Fraser Allison

A portrait of a man in a blue suit sitting in a corner chair with brown shoes on
Fraser Allison, Top Designs alumnus

Media – Photography
Top Designs 2005

2020 – Interactive Design Researcher


I am a Research Fellow at the University of Melbourne Interaction Design Lab, where I have recently submitted a PhD on the design of voice-controlled video games. My current project is on the future of cemeteries, looking at how our approach to death and commemoration might change in the coming decades. I have a keen interest in game design, psychology and how technology shapes our thinking and our experiences.

Do you have a specific design philosophy?

As a design researcher rather than a design practitioner, I’m more interested in understanding how design works than saying how it should work. I don’t believe there are any truly universal rules, it all depends on your goals. For instance, if you are a software designer, it may seem obvious that you should always make tasks easy for the user to accomplish – but if you are designing a video game, the user may want the task to be as hard as they can manage!

Can you explain your trajectory after Top Designs; do you feel that the exhibition had any impact on your next career steps?
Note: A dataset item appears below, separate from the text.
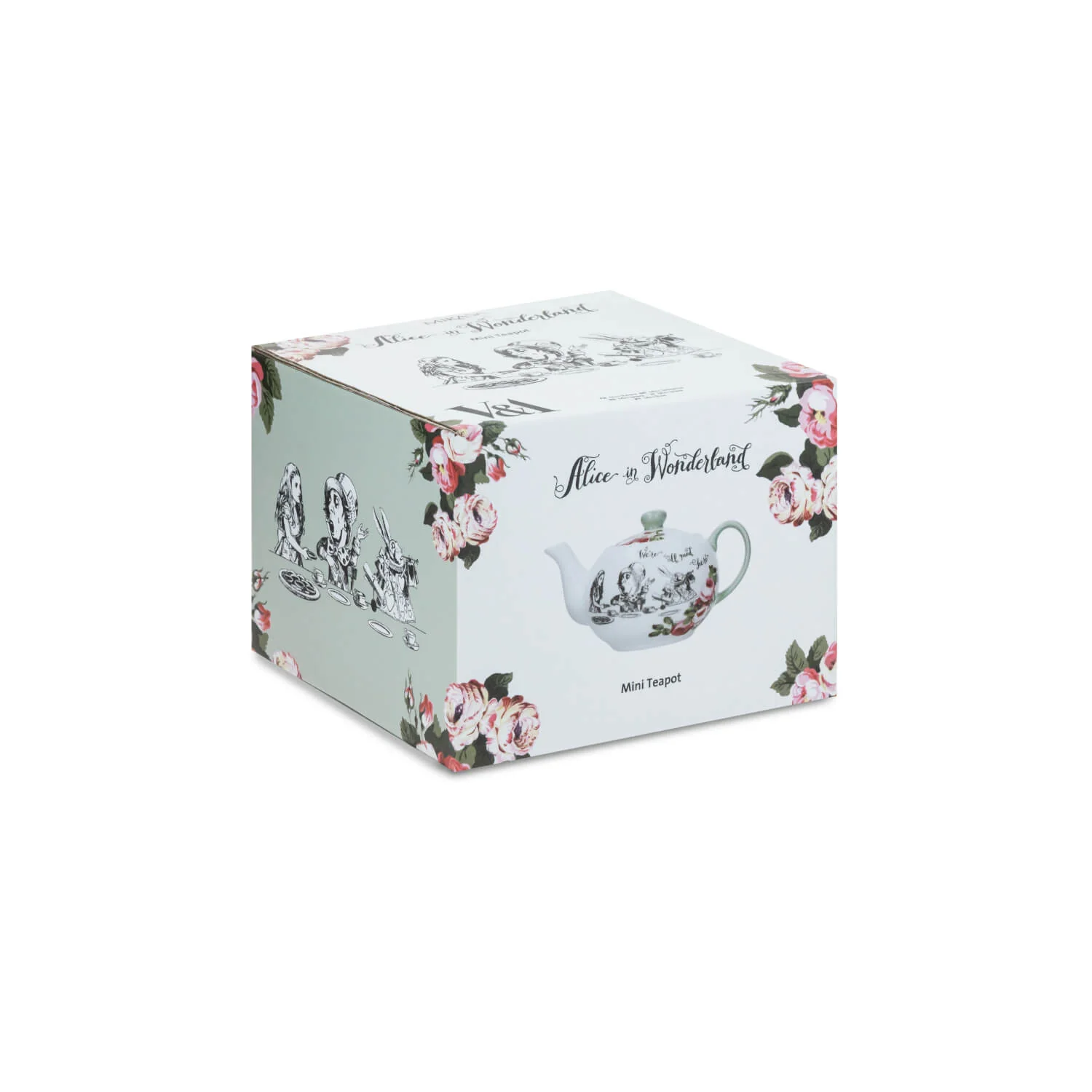 Mikasa V&A Alice In Wonderland Bone China Mini Teapot - Image 2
After Top Designs I undertook a Bachelor of Communication at RMIT University, where I focused on interactive media and wrote an Honours thesis on how video games can put us into the mindset of a character who sees the world differently than we do.

After university, I dabbled in radio, political writing, games criticism and not-for-profit work, before settling into my first career as a market researcher. I developed a reputation as something of a tinkerer and was eventually put in charge of my firm’s small software design team, making widgets to process and communicate research data.

In 2015, I returned to university to undertake a PhD in the field of human–computer interaction, which I have just submitted this January. The PhD has given me a wealth of opportunities, including the chance to present at conferences worldwide and to work at Microsoft Research in the UK. In 2020, I joined a team of technologists, anthropologists and social scientists to undertake research into the future of cemeteries.

Participating in Top Designs increased my confidence in myself, as a person with a critical artistic eye. My exhibition for Top Designs 2005 was a collection of photographs that showed the small design details of sports cars. My project was perhaps the first piece of work in which I realised that things are often more interesting when you zoom right in on the details than when you only look at the whole.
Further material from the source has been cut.